----- Data excerpts -----
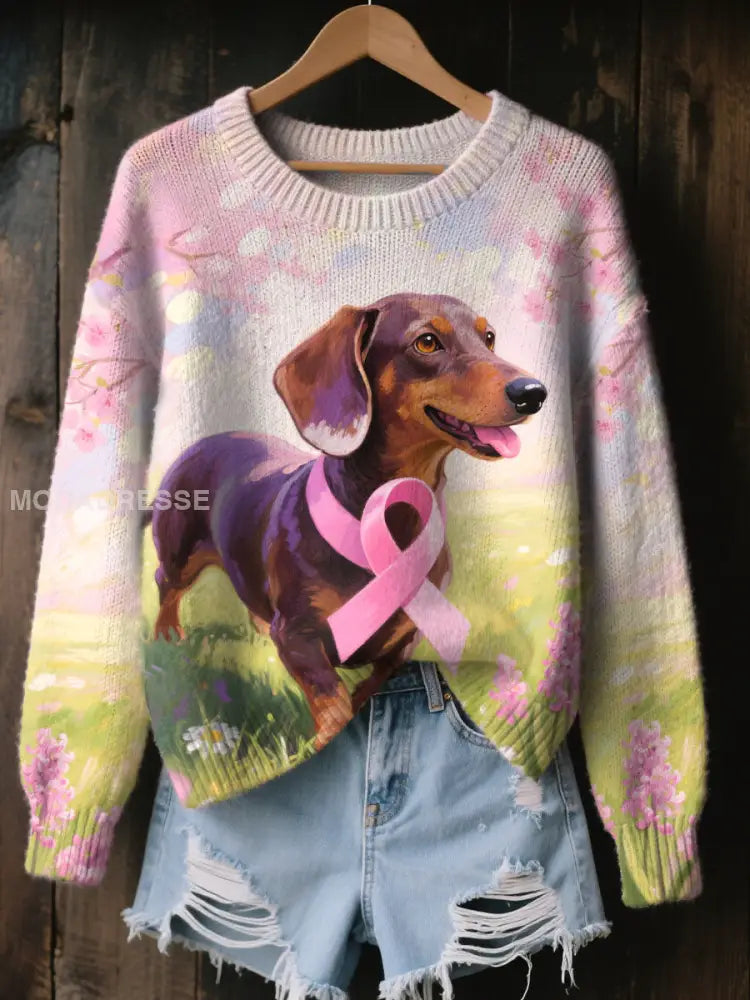 Kvinnors rosa band och hund Print Casual Topp som bild / S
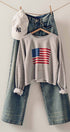 Urban Daizy Cropped USA Flag Graphic Sweatshirt H-Grey Graphic Sweatshirt - Women's (UDZ-TP-00814) – alternate view 4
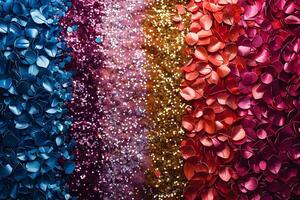Colorful Abstract Art with Textured Layers of Glitter and Paper Shapes for Creative Design photo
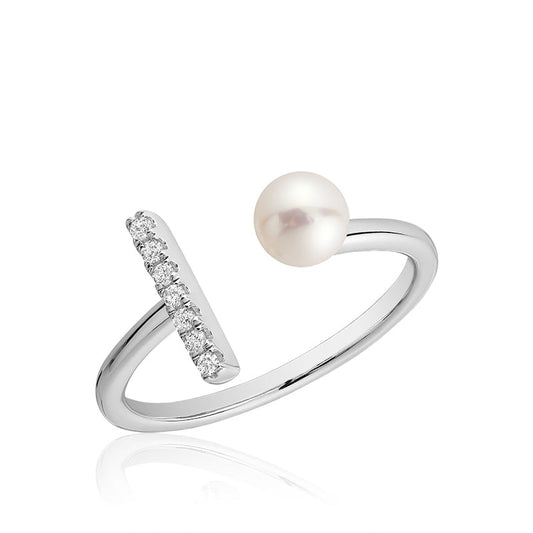Freshwater Pearl and Diamond Ring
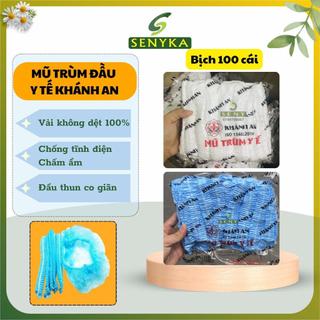 Mũ trùm đầu y tế vải không dệt mũ con sâu bao tóc y tế ngăn bụi vi khuẩn chính hãng Khánh An
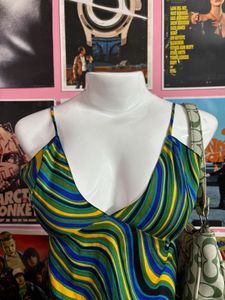 Y2K Vintage Halter Neck Blue Wave Dress With Slit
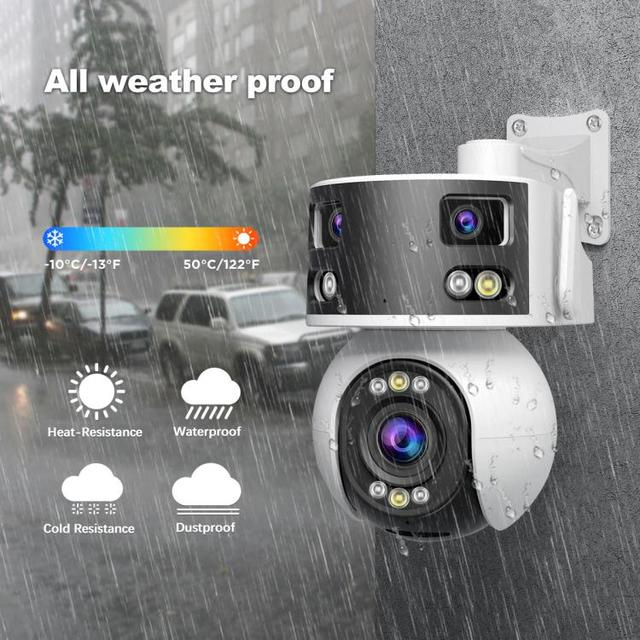 SriHome SH055 Multi-lens Panoramic PTZ Camera 8MP 4K 5X Optical Zoom Dome Security Camera Outdoor CCTV Night Vision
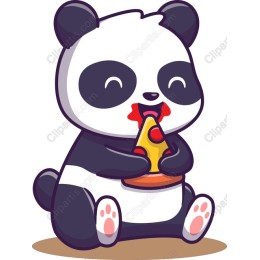 Cute Panda Eating Pizza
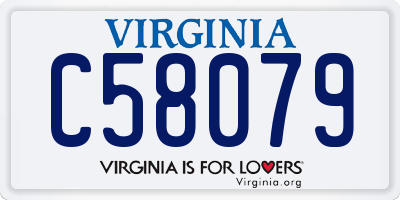 VA license plate C58079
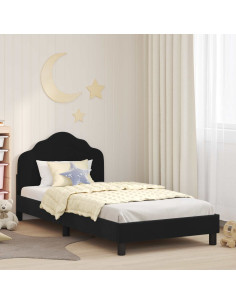 Struttura letto bambini con testata Nero 80 x 200 cm Velluto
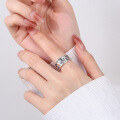 wholesale S925 Sterling Silver Korean Minimalist Style Irregular Design Textured Zircon Accented Open Ring-0-3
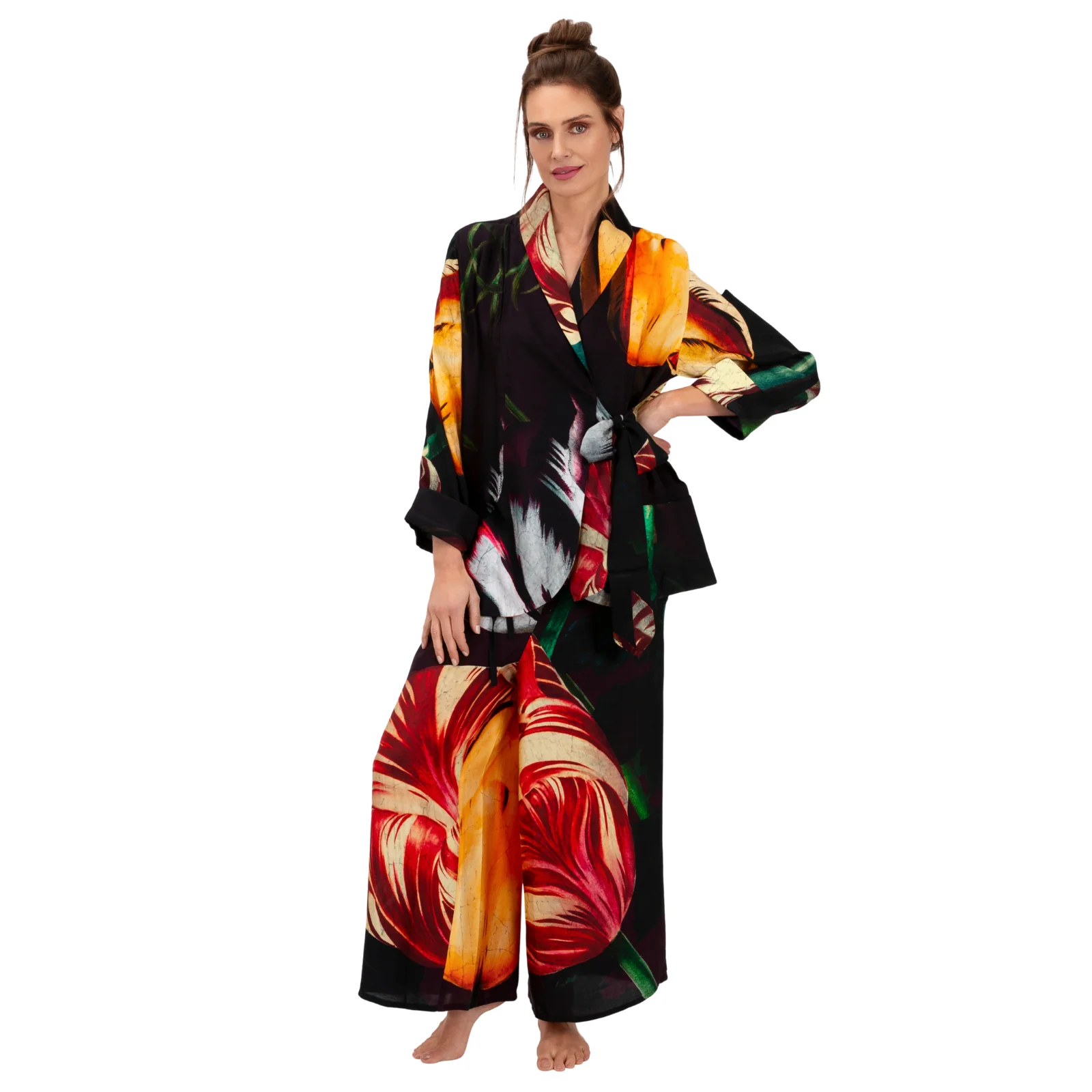 Powder Ladies Luxury Printed Co-Ord - Midnight Posy - Image 4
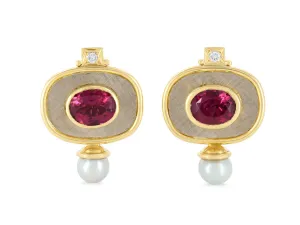 Elizabeth Gage Rubellite Tourmaline Earrings in 18K Gold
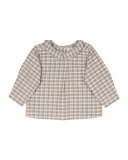 Plaid Poplin Blouse, Light Blue/Tan, Size 6 Months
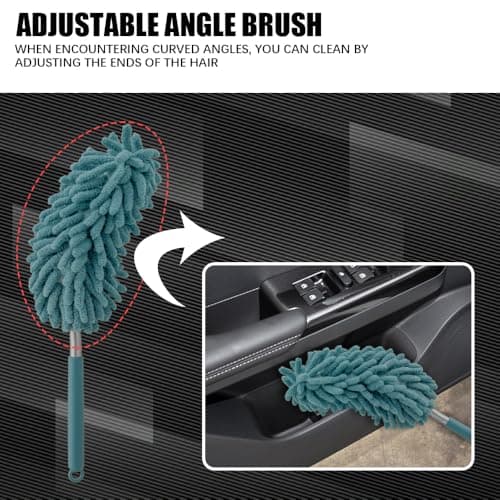Rebvugr 2PCS Car Interior Duster with Extension Pole, Car Duster, 11.8" to 31.5" Retractable Dusters Auto Dash Cleaning Tool, Soft Chenille Detailing Brush for Cleaning Vehicles, Home (Blue) — view 2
-----
[About this task]
Without any of its images, the data above should be returned exactly.

[Result]
 Kvinnors rosa band och hund Print Casual Topp som bild / S
 Urban Daizy Cropped USA Flag Graphic Sweatshirt H-Grey Graphic Sweatshirt - Women's (UDZ-TP-00814) – alternate view 4
Colorful Abstract Art with Textured Layers of Glitter and Paper Shapes for Creative Design photo
Freshwater Pearl and Diamond Ring
 Mũ trùm đầu y tế vải không dệt mũ con sâu bao tóc y tế ngăn bụi vi khuẩn chính hãng Khánh An
 Y2K Vintage Halter Neck Blue Wave Dress With Slit
 SriHome SH055 Multi-lens Panoramic PTZ Camera 8MP 4K 5X Optical Zoom Dome Security Camera Outdoor CCTV Night Vision
 Cute Panda Eating Pizza
 VA license plate C58079
 Struttura letto bambini con testata Nero 80 x 200 cm Velluto
 wholesale S925 Sterling Silver Korean Minimalist Style Irregular Design Textured Zircon Accented Open Ring-0-3
 Powder Ladies Luxury Printed Co-Ord - Midnight Posy - Image 4
 Elizabeth Gage Rubellite Tourmaline Earrings in 18K Gold
 Plaid Poplin Blouse, Light Blue/Tan, Size 6 Months
Rebvugr 2PCS Car Interior Duster with Extension Pole, Car Duster, 11.8" to 31.5" Retractable Dusters Auto Dash Cleaning Tool, Soft Chenille Detailing Brush for Cleaning Vehicles, Home (Blue) — view 2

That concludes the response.